If you are a regulator, this is your structural answer to 'how do we prevent foreign sovereign-AI vendors from setting the architectural defaults for British infrastructure'. The answer is that the architectural defaults are already filed. The patent-protected architecture is British, the claim language was drafted by the inventor of record, and the licensing model is collaborative rather than exclusionary. Procurement decisions can rely on this without depending on any single vendor's commercial roadmap.
The other eleven patents
The remaining eleven patents (Multi-Brain Cooperative Intelligence, Voice-Biometric Extreme-Environment Verification, ChatClone Anti-Deepfake, Attestable Avatar Rendering, Hereditas Post-Mortem Activation, AudioSeal Dual-Layer Watermark, Voice-Gated Deterministic Tool Invocation, Pre-Commit Dry-Run Simulation, Federated Fleet Coordination, Branch-Based Workflow Federation, Per-Skill Clearance-Gated Execution) extend the surface in directions specific to particular use cases (defence, healthcare, finance, digital estate, anti-deepfake provenance, federation across organisations). They are not load-bearing for the generic sovereign-AI substrate. They are load-bearing the moment a deployment touches the corresponding vertical.
The full portfolio is browsable at mickai.co.uk/patents. Each patent has its own dedicated page with the full description and the list of brains that implement it.
Where this sits
Mickai is the sovereign AI operating system. Twenty-one filed UK patent applications. Six hundred and seventy-five claims. Sole inventor: Micky Irons. The portfolio is the legal spine of the architecture and the structural answer to the question 'who owns the foundational layer of sovereign AI in the United Kingdom'. The answer, in writing, at the UK Intellectual Property Office, is a single name. Mickai is held privately by its founder; the engagement model is direct.

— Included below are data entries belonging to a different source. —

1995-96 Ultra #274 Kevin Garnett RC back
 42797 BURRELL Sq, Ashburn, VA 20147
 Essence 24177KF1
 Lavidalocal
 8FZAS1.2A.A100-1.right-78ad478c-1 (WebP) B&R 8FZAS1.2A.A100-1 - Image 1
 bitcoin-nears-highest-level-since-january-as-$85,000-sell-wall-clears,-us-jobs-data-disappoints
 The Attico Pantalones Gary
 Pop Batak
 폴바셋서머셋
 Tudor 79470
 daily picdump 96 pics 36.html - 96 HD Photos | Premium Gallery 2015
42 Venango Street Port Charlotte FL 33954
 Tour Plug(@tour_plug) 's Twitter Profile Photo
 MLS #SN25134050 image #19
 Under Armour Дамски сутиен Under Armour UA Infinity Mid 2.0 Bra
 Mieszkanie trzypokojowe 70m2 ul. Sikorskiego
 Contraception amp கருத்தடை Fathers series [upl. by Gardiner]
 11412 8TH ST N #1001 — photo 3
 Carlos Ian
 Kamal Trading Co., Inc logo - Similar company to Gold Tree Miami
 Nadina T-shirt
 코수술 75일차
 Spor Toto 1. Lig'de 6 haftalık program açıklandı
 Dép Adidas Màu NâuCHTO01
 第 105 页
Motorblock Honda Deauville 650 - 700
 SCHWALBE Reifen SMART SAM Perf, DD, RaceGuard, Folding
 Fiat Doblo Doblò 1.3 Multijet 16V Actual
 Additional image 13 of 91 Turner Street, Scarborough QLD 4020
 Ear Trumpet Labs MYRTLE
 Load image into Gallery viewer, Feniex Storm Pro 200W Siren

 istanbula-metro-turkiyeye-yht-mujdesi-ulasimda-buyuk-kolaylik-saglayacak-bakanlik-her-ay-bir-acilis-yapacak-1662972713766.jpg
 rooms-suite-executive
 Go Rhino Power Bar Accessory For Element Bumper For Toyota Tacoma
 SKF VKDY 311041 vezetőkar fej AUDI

“Sovereign means the architecture itself is owned. The cryptographic guarantees compose. The licence sits with the inventor.”
Sources
- Mickai patent portfolio: mickai.co.uk/patents (21 filed UK patent applications, application reference UK00004373277, 675 cryptographically signed claims, sole inventor Micky Irons).
- FIPS 204 (ML-DSA): the NIST post-quantum digital signature standard adopted as a federal requirement in 2024.
- UK government procurement guidance on AI: developing toward post-quantum signature requirements and audit-ledger transparency.